**Problem to work on:**
Retype the material that follows exactly, limited to the lines from the one with "Idéer för att" through the one with "Baby Stacking Colorful", and keep out all pictures.

**Source material:**
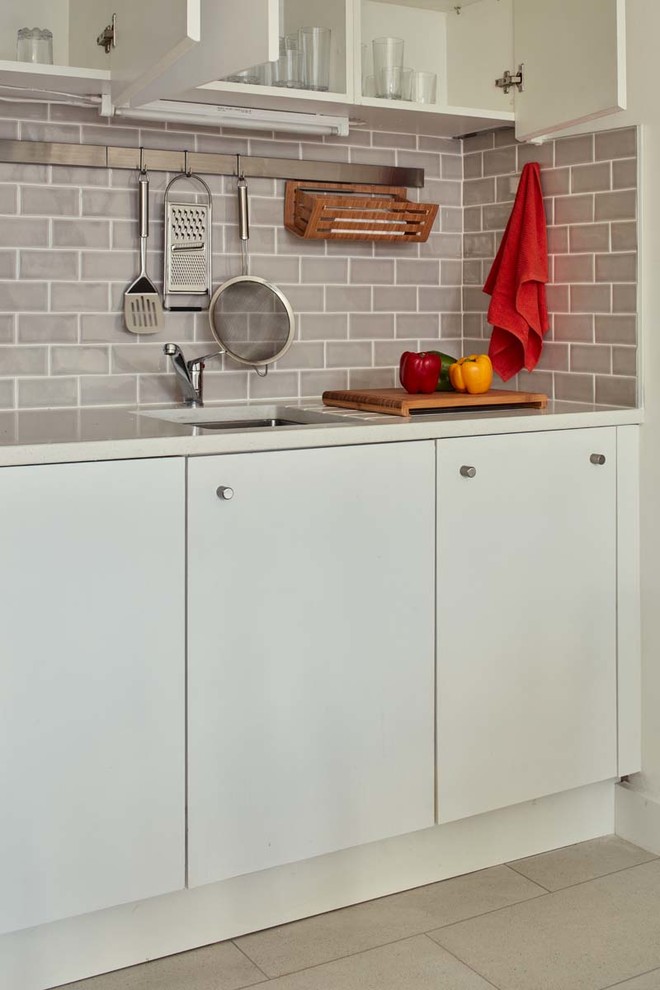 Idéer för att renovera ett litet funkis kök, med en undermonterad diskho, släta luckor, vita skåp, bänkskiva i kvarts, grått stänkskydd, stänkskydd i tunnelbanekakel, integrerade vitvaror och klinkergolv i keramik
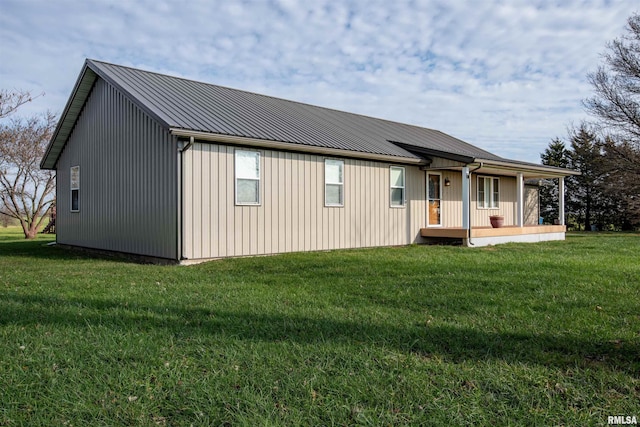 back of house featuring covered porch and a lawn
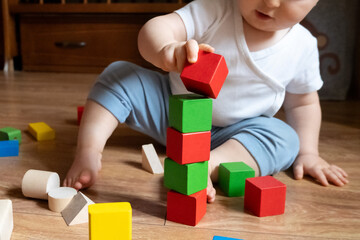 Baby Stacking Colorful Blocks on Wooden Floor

--

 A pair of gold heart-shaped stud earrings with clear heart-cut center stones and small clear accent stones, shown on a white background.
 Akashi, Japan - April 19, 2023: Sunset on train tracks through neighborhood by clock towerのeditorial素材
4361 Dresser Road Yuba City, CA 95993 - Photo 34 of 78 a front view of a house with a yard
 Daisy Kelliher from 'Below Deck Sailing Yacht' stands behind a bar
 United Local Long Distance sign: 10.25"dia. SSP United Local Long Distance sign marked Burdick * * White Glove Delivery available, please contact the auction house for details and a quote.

**Output for this task:**
 Idéer för att renovera ett litet funkis kök, med en undermonterad diskho, släta luckor, vita skåp, bänkskiva i kvarts, grått stänkskydd, stänkskydd i tunnelbanekakel, integrerade vitvaror och klinkergolv i keramik
 back of house featuring covered porch and a lawn
 Baby Stacking Colorful Blocks on Wooden Floor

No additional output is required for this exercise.